Where the lines below hold images, skip those and copy every word exactly.

┄┄┄┄┄┄

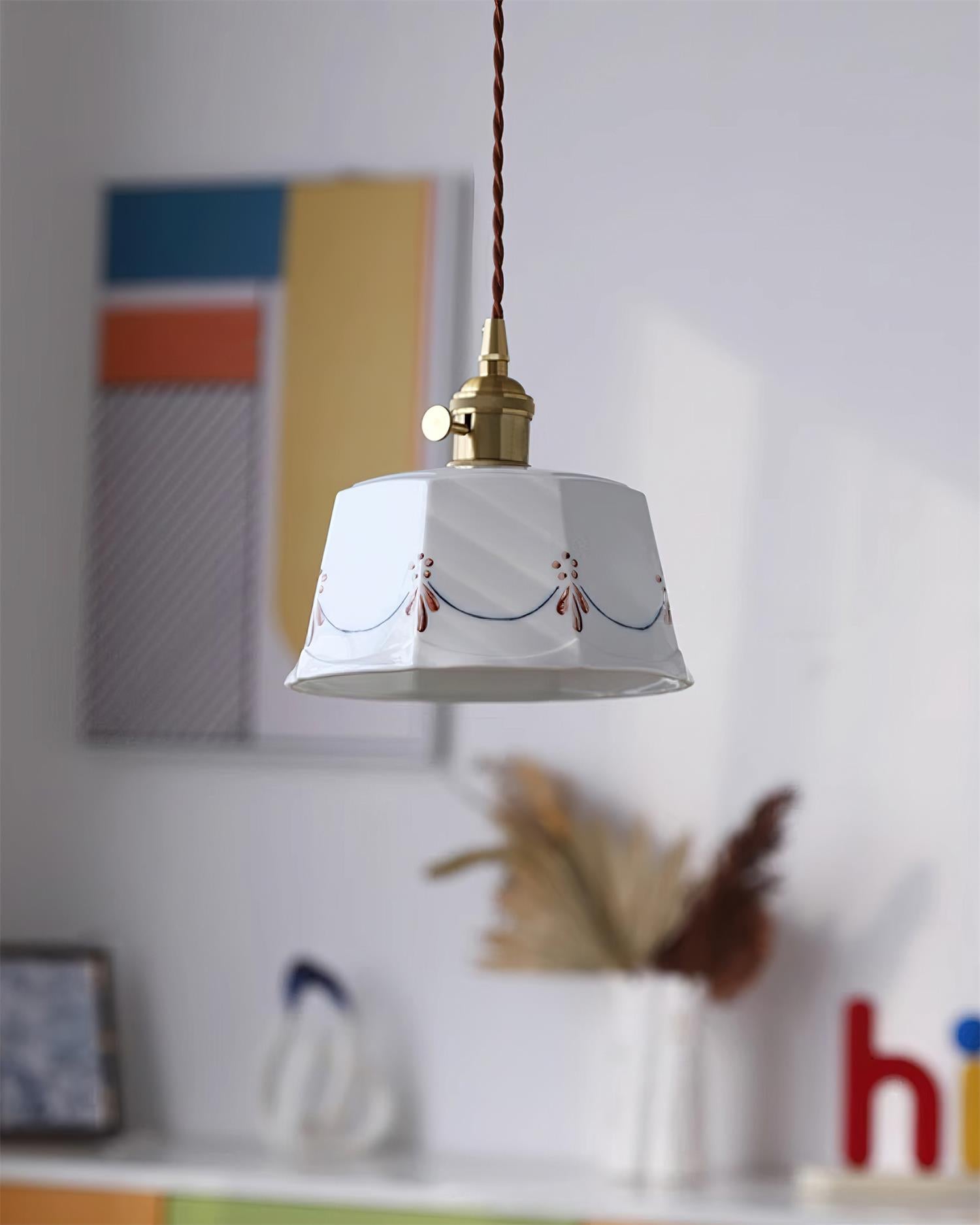 Eliana Pendant Lamp Hand Painted Floral Glass Vintage - Letslighting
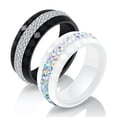 thumbnail image 3 of 8mm Black/White Ceramic Band Rings Men Women's White/Rainbow AAA Cz Ring Sz 6-10, 3 of 9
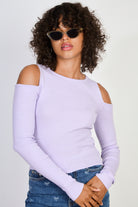 Lilac open shoulder knit top_1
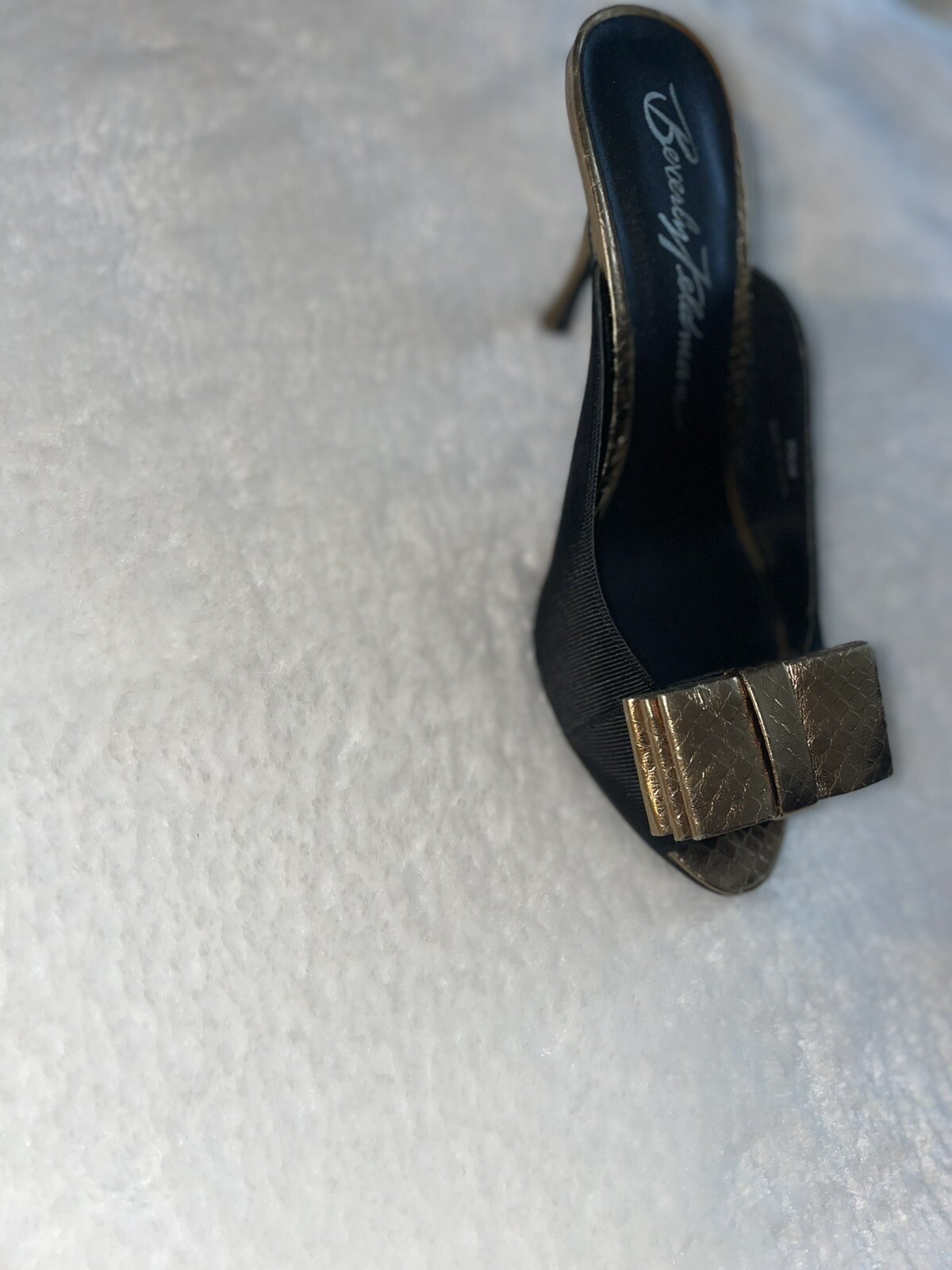 Beverly Johnson  Bronze And Black Bow Sandal - image 4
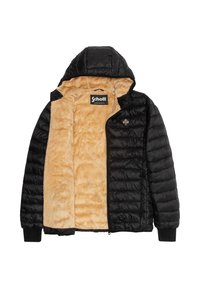 Sort puffet jakke med hætte, der har en blød tan-agtig imiteret pelsforing, quiltet yderside og ribstrikkede manchetter. Schott-logo synligt indvendigt.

┄┄┄┄┄┄

Worked solution:
 Eliana Pendant Lamp Hand Painted Floral Glass Vintage - Letslighting
 thumbnail image 3 of 8mm Black/White Ceramic Band Rings Men Women's White/Rainbow AAA Cz Ring Sz 6-10, 3 of 9
 Lilac open shoulder knit top_1
 Beverly Johnson  Bronze And Black Bow Sandal - image 4
 Sort puffet jakke med hætte, der har en blød tan-agtig imiteret pelsforing, quiltet yderside og ribstrikkede manchetter. Schott-logo synligt indvendigt.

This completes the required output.